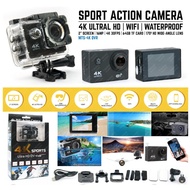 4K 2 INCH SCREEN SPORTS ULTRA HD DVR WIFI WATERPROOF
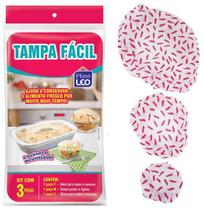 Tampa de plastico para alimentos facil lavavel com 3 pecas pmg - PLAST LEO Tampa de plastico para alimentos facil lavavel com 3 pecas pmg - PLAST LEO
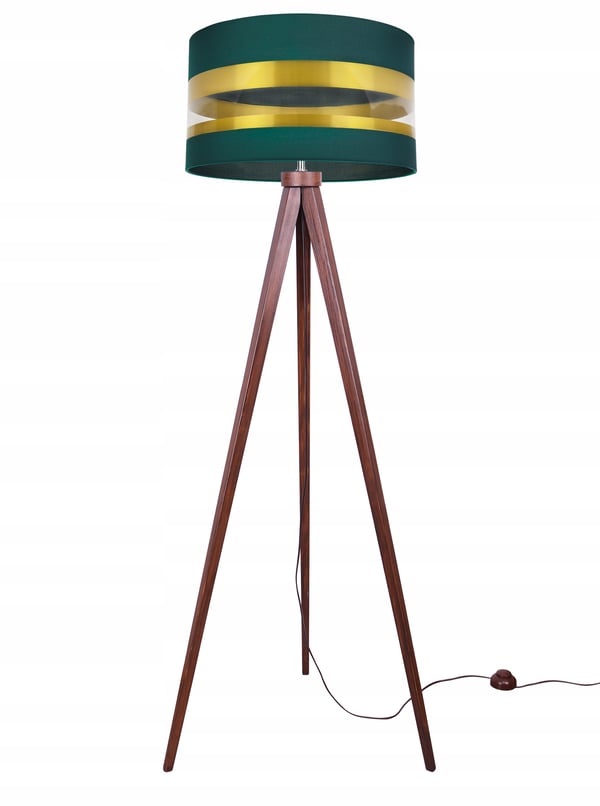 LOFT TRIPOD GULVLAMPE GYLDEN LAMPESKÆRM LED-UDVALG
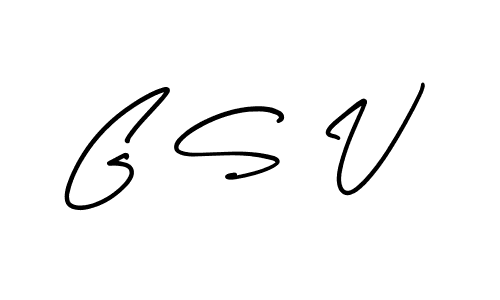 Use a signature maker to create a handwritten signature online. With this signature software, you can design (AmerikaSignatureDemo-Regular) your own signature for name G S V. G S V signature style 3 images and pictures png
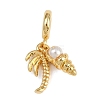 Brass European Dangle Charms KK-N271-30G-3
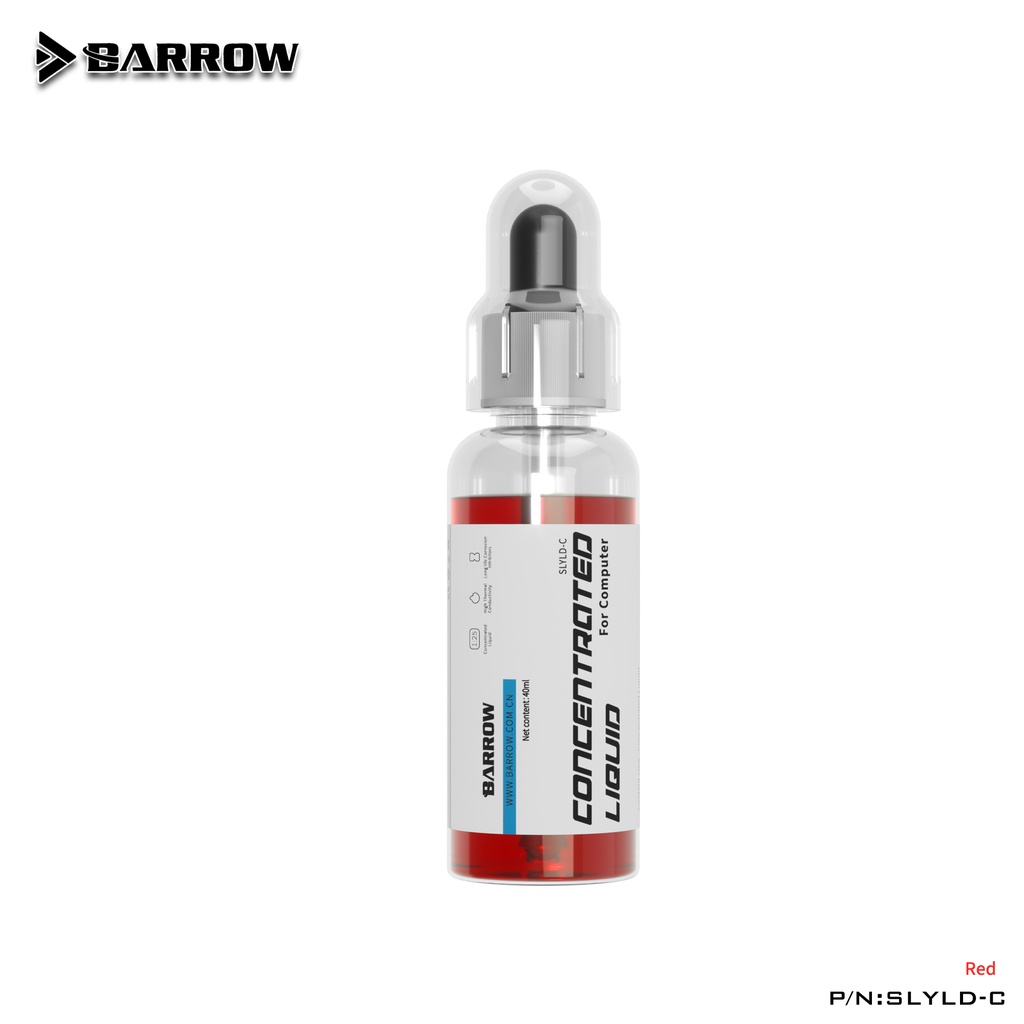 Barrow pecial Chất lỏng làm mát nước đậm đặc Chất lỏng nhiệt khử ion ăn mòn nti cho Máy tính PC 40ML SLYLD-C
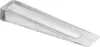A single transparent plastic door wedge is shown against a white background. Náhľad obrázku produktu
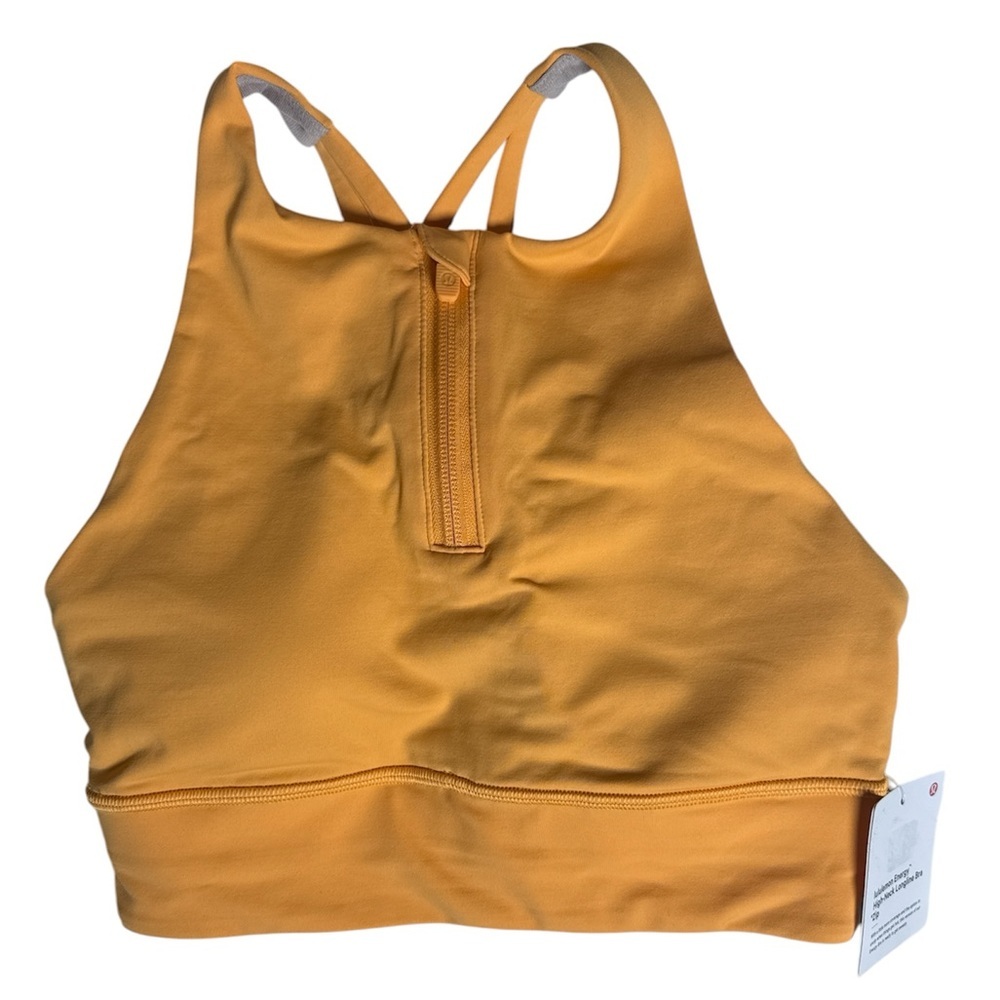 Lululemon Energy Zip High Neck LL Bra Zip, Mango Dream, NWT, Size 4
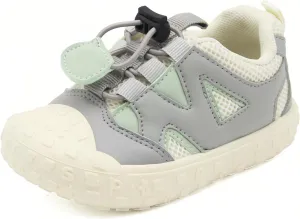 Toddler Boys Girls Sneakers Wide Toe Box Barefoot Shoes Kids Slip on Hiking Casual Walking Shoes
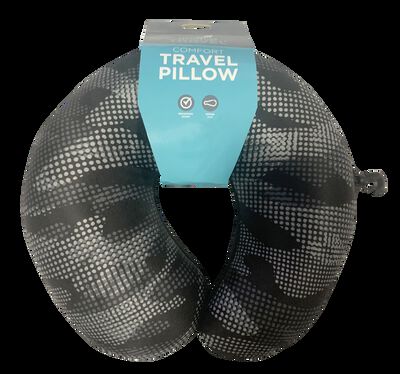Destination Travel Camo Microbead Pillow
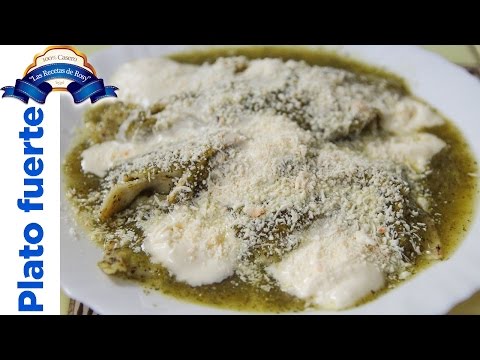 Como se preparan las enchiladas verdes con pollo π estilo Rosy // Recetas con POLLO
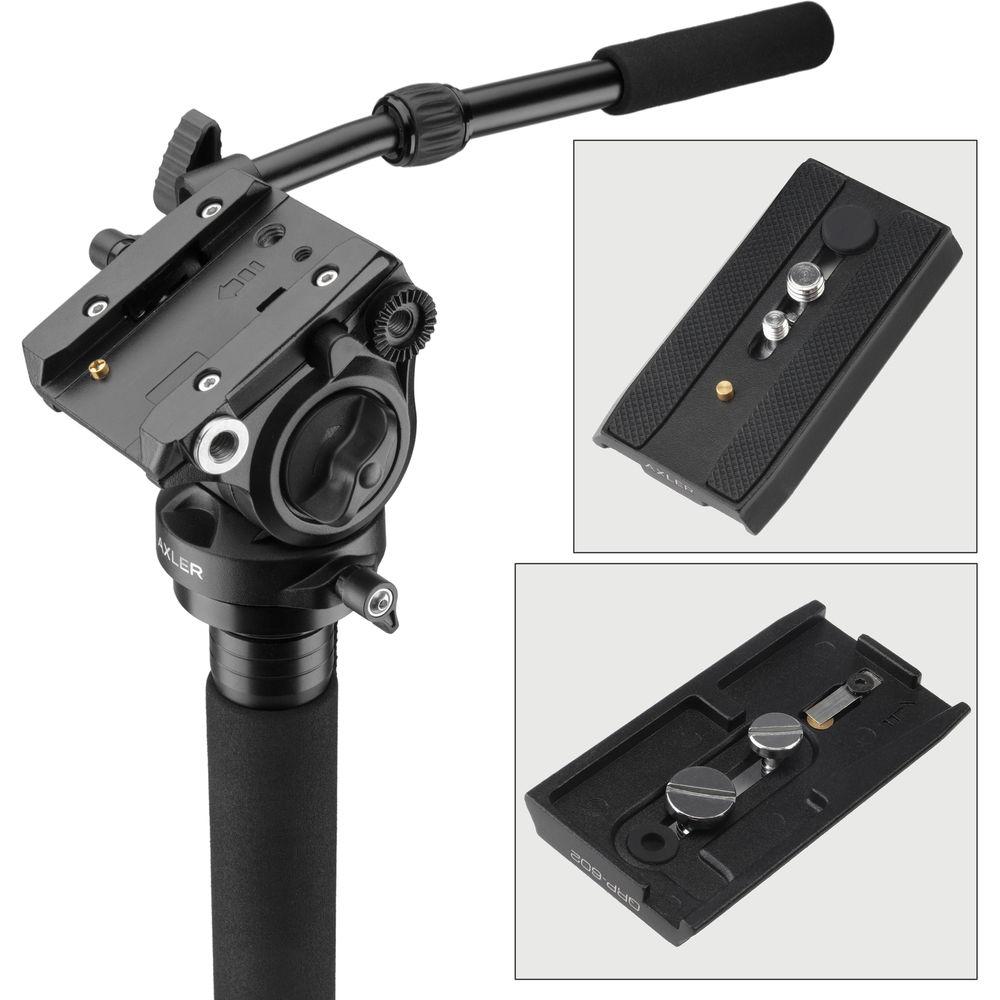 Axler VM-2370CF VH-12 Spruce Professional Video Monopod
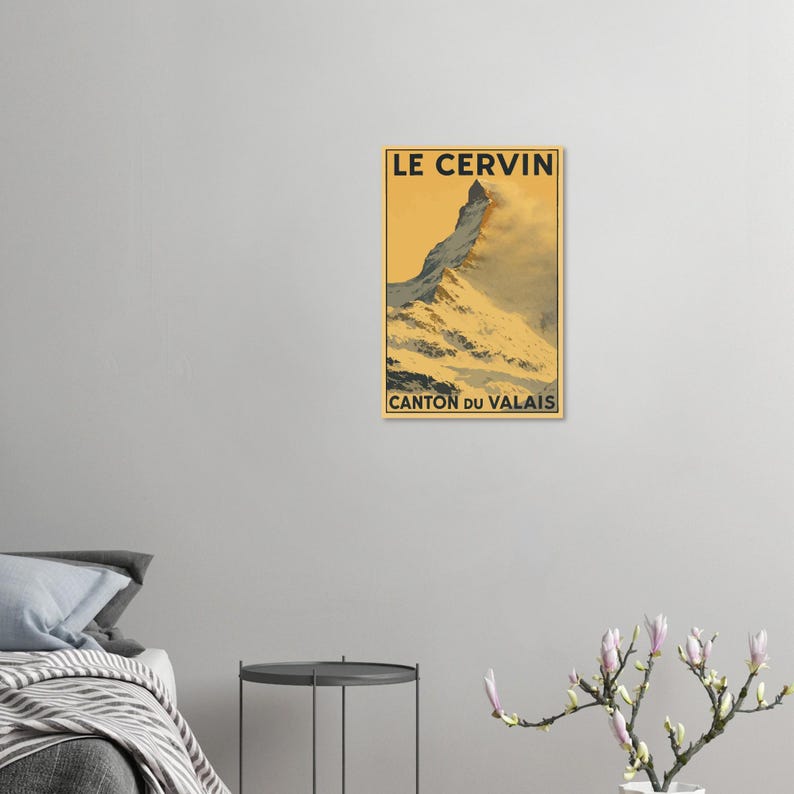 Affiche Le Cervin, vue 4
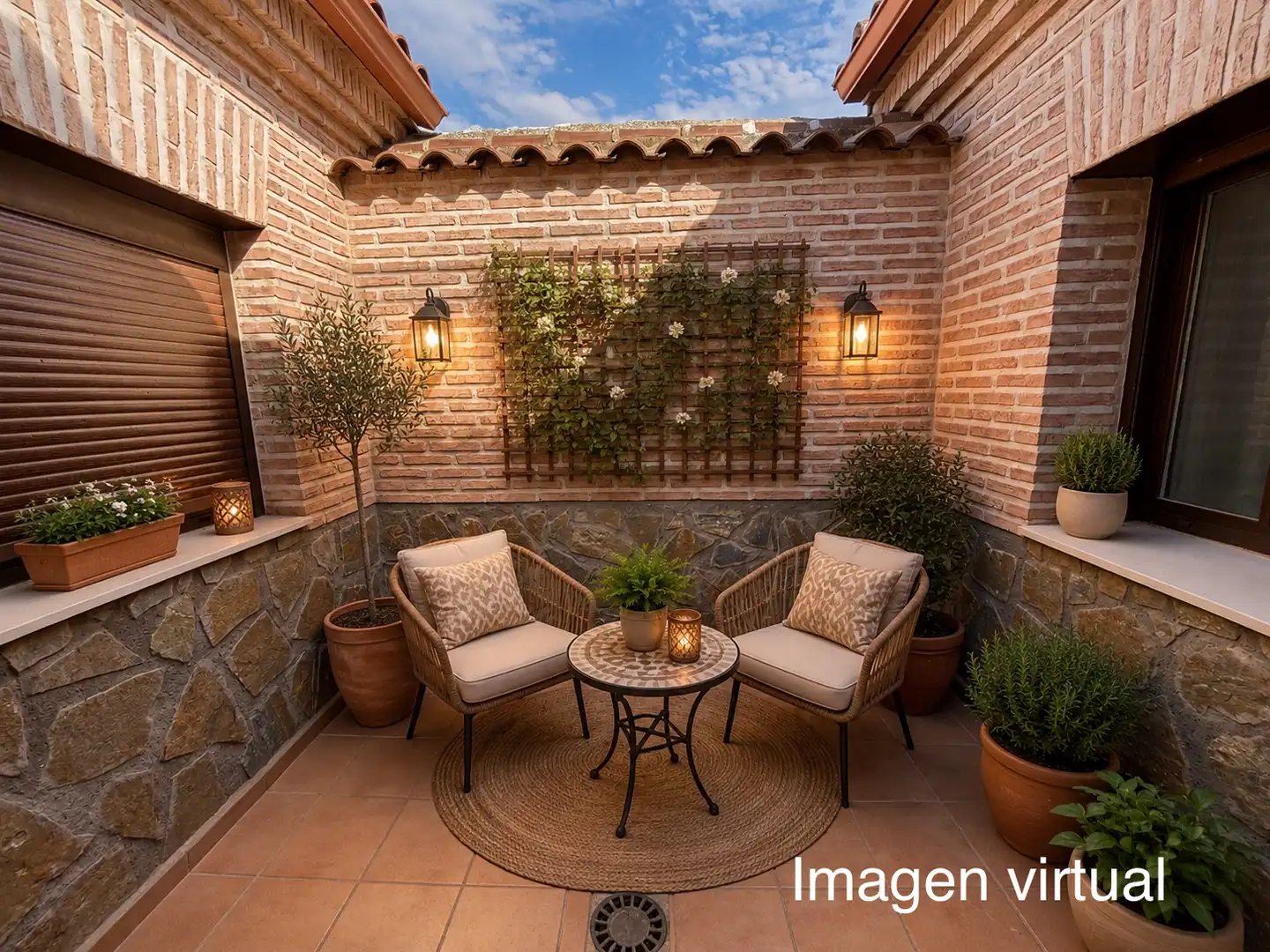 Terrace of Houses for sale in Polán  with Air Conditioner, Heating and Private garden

• [Your objective] Counting the line with "LOFT TRIPOD GULVLAMPE" and the last line of the data above, transcribe those two lines and every line between them exactly, without the pictures.

• [Answer to the exercise]
 LOFT TRIPOD GULVLAMPE GYLDEN LAMPESKÆRM LED-UDVALG
 Use a signature maker to create a handwritten signature online. With this signature software, you can design (AmerikaSignatureDemo-Regular) your own signature for name G S V. G S V signature style 3 images and pictures png
 Brass European Dangle Charms KK-N271-30G-3
 Barrow pecial Chất lỏng làm mát nước đậm đặc Chất lỏng nhiệt khử ion ăn mòn nti cho Máy tính PC 40ML SLYLD-C
A single transparent plastic door wedge is shown against a white background. Náhľad obrázku produktu
 Lululemon Energy Zip High Neck LL Bra Zip, Mango Dream, NWT, Size 4
 Toddler Boys Girls Sneakers Wide Toe Box Barefoot Shoes Kids Slip on Hiking Casual Walking Shoes
Destination Travel Camo Microbead Pillow
 Como se preparan las enchiladas verdes con pollo π estilo Rosy // Recetas con POLLO
 Axler VM-2370CF VH-12 Spruce Professional Video Monopod
 Affiche Le Cervin, vue 4
 Terrace of Houses for sale in Polán  with Air Conditioner, Heating and Private garden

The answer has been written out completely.